Когда Леонид стал юношей, у него выработался спокойный и незлобивый нрав, хотя силой его наделил Господь весьма незаурядной. Он нравился девушкам, иные прямо сами предлагали ему жениться, но он не знал для них другого слова кроме как «сестренки» и предпочитал оставаться в одиночестве. Молодые парни завидовали ему, даже пытались бить, но всегда неудачно: он не отвечал на удары, а лишь уклонялся от них, и ни одного синяка на нем не бывало. «Не умеете бить и не лезьте», – говорил он добродушно, не чувствуя никакой злобы на обидчиков.

Заработки в колхозе были небольшие, а дети в семье подрастали, надо было одевать и обувать их, в школу снаряжать. Леонид и здесь помощник родителям. Они с матерью собирали грибы, ягоды и сдавали в сельпо. «Груздей нарежем – не донести. Тащим с Трофимом на палках-коромыслах по четыре ведра каждый», – вспоминает Нина Андреевна. Уставали крепко, зато можно было всех детей осенью одеть и обуть, и купить им все для занятий в школе.

Дома все дети имели послушания: кто дров наколоть, кто воды наносить, кто хлев вычистить и разное другое. Их пятеро было. Леонид – старший. Он быстро справлялся со своим делом и начинал помогать младшим. Но не всегда это можно было сделать. Вот спрашивает он: «Мам, Лена маленькая… давай я за нее работу сделаю!» – «Сынок, – отвечает мать, – а вырастет Лена ленивой, кто тогда лентяйку замуж возьмет?» Дети Татарниковы жили очень дружно, и большие, и маленькие, играли всегда у себя во дворе, и им хватало своей компании.

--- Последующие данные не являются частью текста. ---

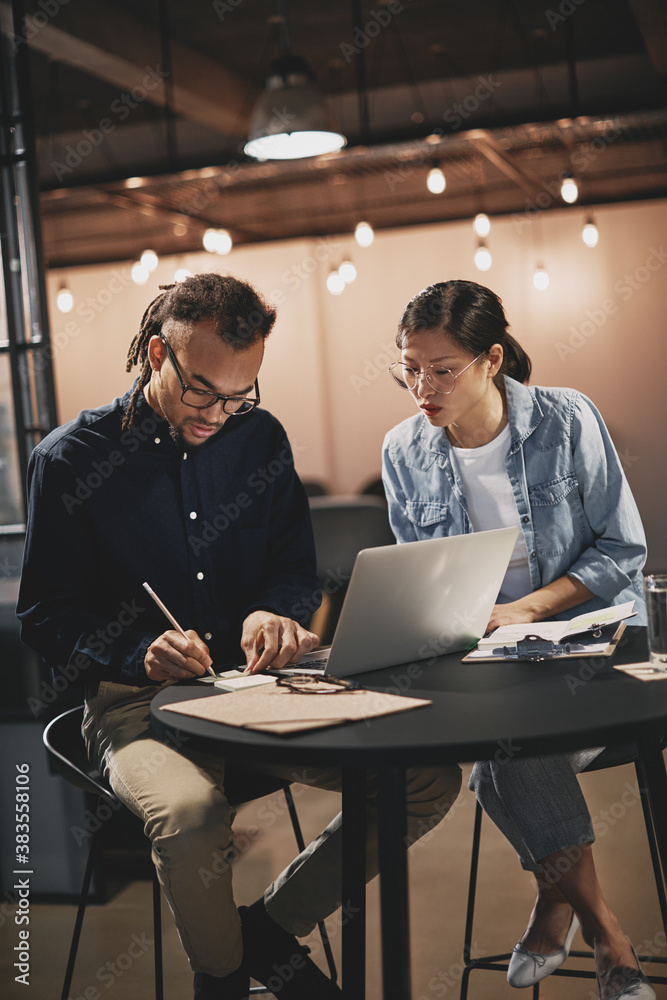 Two diverse young businesspeople working in an office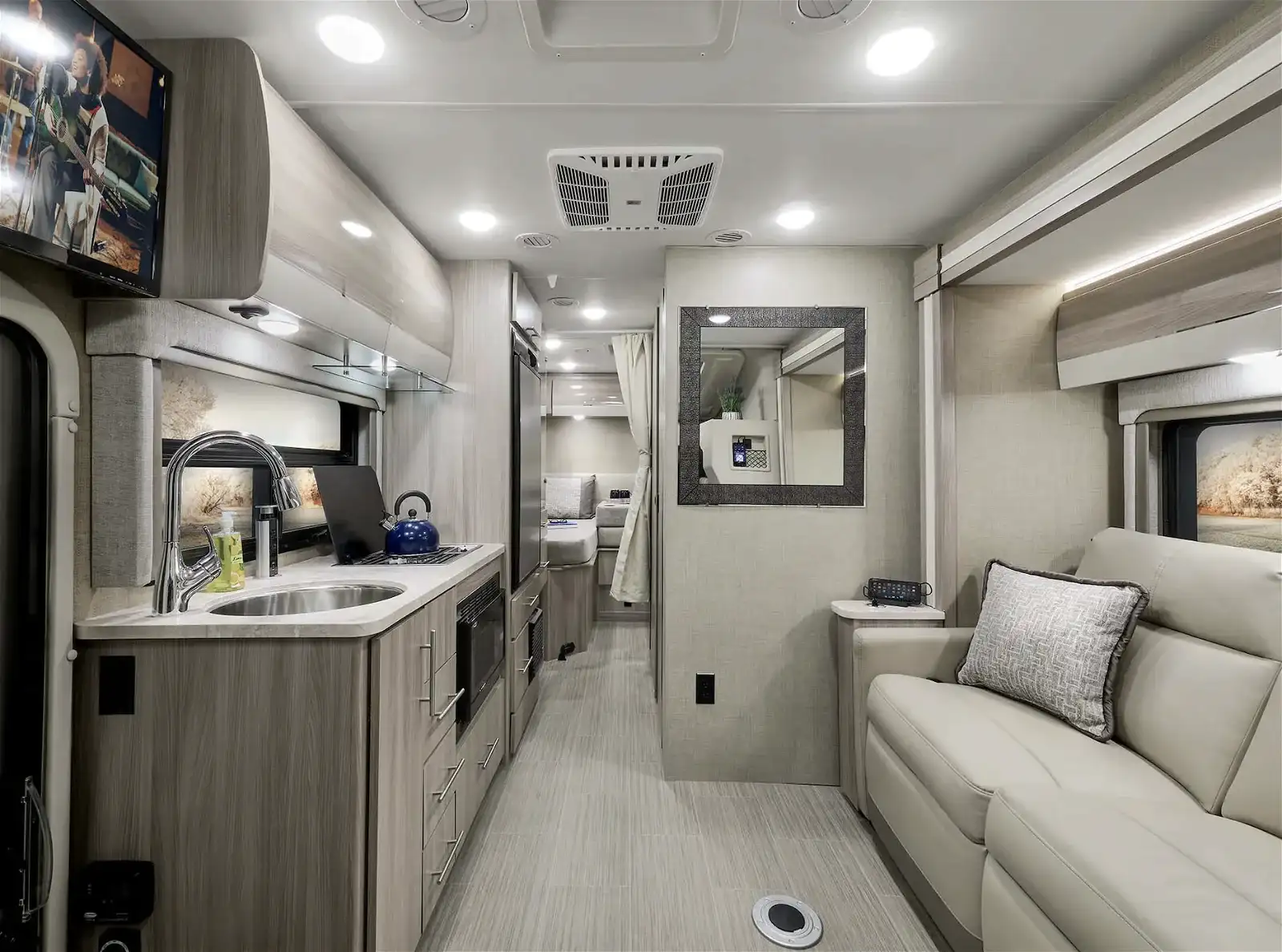 Interior of an RV with a kitchen and sofa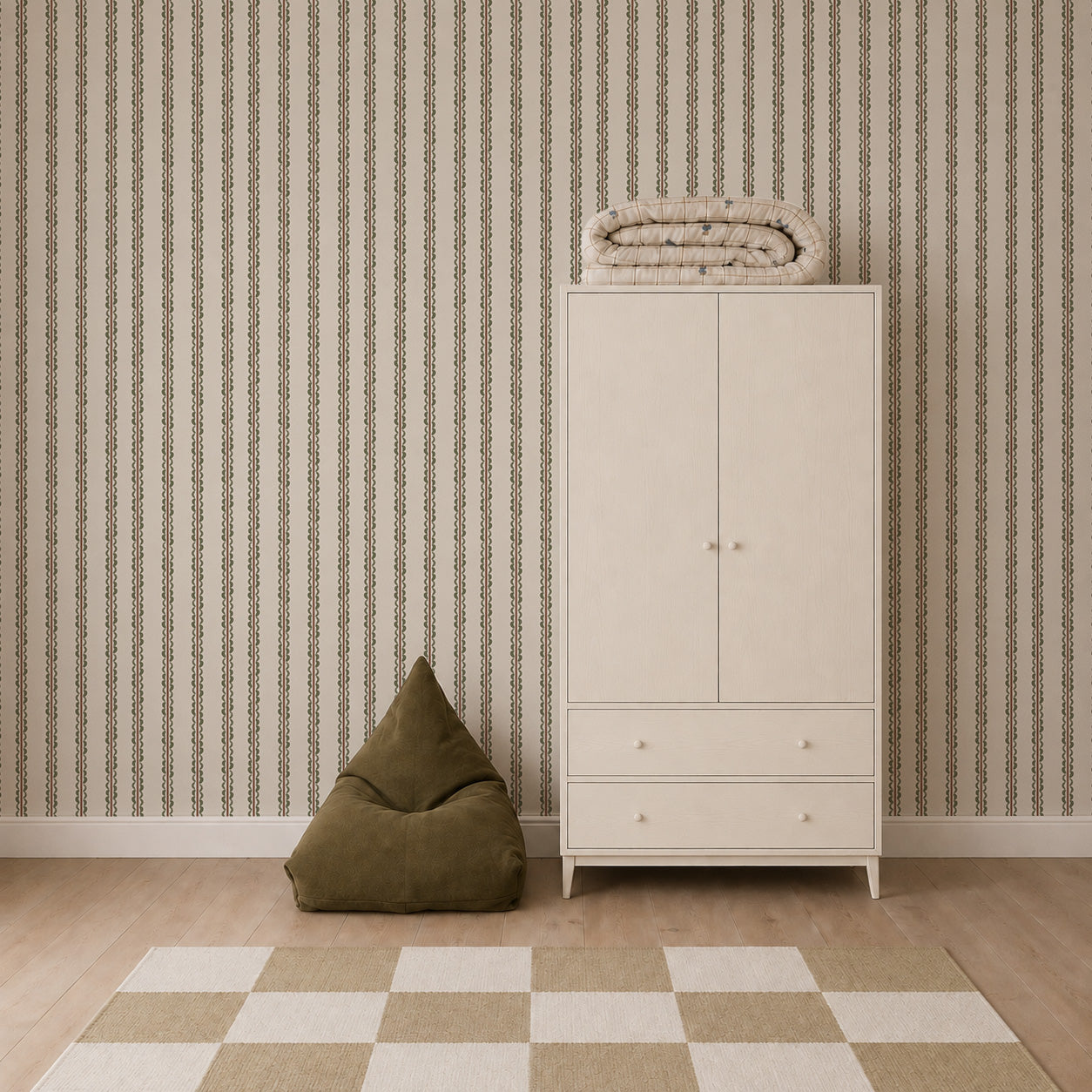 A room featuring Folk Scallop Stripe Wallpaper in Olive &amp; Mocha, a green bean bag chair, a beige wardrobe with a folded blanket on top, and a beige and white checkered rug on a light wood floor.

Семья несколько раз меняла место жительства. И вот, наконец, появился у нее достаток. «Земли у нас было семьдесят соток, – вспоминает Нина Андреевна. – Свой хороший дом с усадьбой, а в усадьбе коровы, овцы, свиньи, куры, своя пасека и моторка для рыбной ловли. Я в пекарне тогда работала – хлеб горячий всегда был к столу. Не нарадуюсь, что встали на ноги. А у Лени грусть порою в глазах… Не понимала я сына. Уж больно он книги любил! Ночь напролет, бывало, читает, а у меня досада в душе… что толку от книг? Одно мечтанье! У меня же мечтанье свое: насадить бы побольше картошки да еще поросят прикупить».

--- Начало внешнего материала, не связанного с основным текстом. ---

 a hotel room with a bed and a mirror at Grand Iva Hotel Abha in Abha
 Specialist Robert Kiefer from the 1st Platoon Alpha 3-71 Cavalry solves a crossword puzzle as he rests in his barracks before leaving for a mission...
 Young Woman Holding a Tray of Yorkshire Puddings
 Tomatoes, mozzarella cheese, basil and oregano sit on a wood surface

Закончив сельскую восьмилетку, Леонид поступил в железнодорожное училище, а потом до призыва в армию трудился машинистом мотовоза. О его службе в армии почти ничего не известно. Там получил он специальность электромонтера. Демобилизовавшись, отправился в дальнее плавание на траулере Сахалинского океанического рыболовства. За пять лет плаваний побывал во многих странах – в Скандинавии, Европе, Америке… «В отпуск Леня приезжал как дед Мороз, – вспоминает Нина Андреевна. – Большой мешок за плечами и чемодан в руке. Вытряхнет из мешка вещи на пол и говорит: "Вот, разбирайте: кое-что привез". Модные, заграничные вещи, – нас с головы до ног оденет и еще родне достанется. Народу набежит, все расхватают, а Лене, смотрю, не остается ничего. Мне обидно. Вот привез он себе хорошую кожаную куртку и ходит в ней, а смотрю – куртки уже и нет… "В чем ходить будешь? – говорю сыну. – У тебя даже куртки нет". А он спокойно: "Ну, нет – и нет". Ничего ему для себя было не нужно. А большую зарплату, какую получал в плавании, всю до копейки отдавал мне».

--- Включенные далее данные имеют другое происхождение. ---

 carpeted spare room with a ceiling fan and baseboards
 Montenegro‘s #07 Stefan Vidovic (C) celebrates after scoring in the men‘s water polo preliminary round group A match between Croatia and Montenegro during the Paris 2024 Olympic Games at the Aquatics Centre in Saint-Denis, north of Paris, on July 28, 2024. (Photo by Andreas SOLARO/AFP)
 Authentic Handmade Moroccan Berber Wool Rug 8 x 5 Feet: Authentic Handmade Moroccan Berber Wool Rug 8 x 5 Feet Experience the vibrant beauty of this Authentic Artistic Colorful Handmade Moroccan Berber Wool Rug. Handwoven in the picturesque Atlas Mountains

Два года вместе с Леонидом плавал на траулере и младший его брат Геннадий, который рассказывал, как трудился Леонид в корабельном цеху, укладывая штабелями мороженые туши… Заграничную жизнь, сколько он мог ее видеть, Леонид не принял. Но в плавании Божий мир увлекал его своей красотой и бесконечным разнообразием природы. Ему хотелось хоть что-то запечатлеть из увиденного. И он занялся фотографированием. Купил даже кинокамеру.

Решив покончить с плаванием на траулере, Леонид сошел на берег в Южно-Сахалинске и сделал попытку устроить как-то здесь свою жизнь. Он стал работать на железной дороге и сотрудничать фотокорреспондентом в местной газете. В один из своих отпусков он приехал в деревню, где было описанное Ниной Андреевной изобилие, и нашел там потрясшую его душу обстановку. Отец, никогда раньше не употреблявший спиртного, стал сильно пить – враг рода человеческого попутал… Он заведовал складом лесничества, где имелись дефицитные запчасти к бензопиле «Дружба». «А в тайге у каждого бензопила, – говорит Нина Андреевна, – и отцу самогонку чуть не за шиворот лили». Нина Андреевна говорит, что теперь бы никогда не ушла от мужа, а молилась бы за него. Но тогда она не молилась… Это было бедствие. Леонид увез семью в Братск. На первых порах им пришлось ютиться в одной комнате. Нина Андреевна стала зарабатывать на хлеб уборщицей, успевая в четыре места.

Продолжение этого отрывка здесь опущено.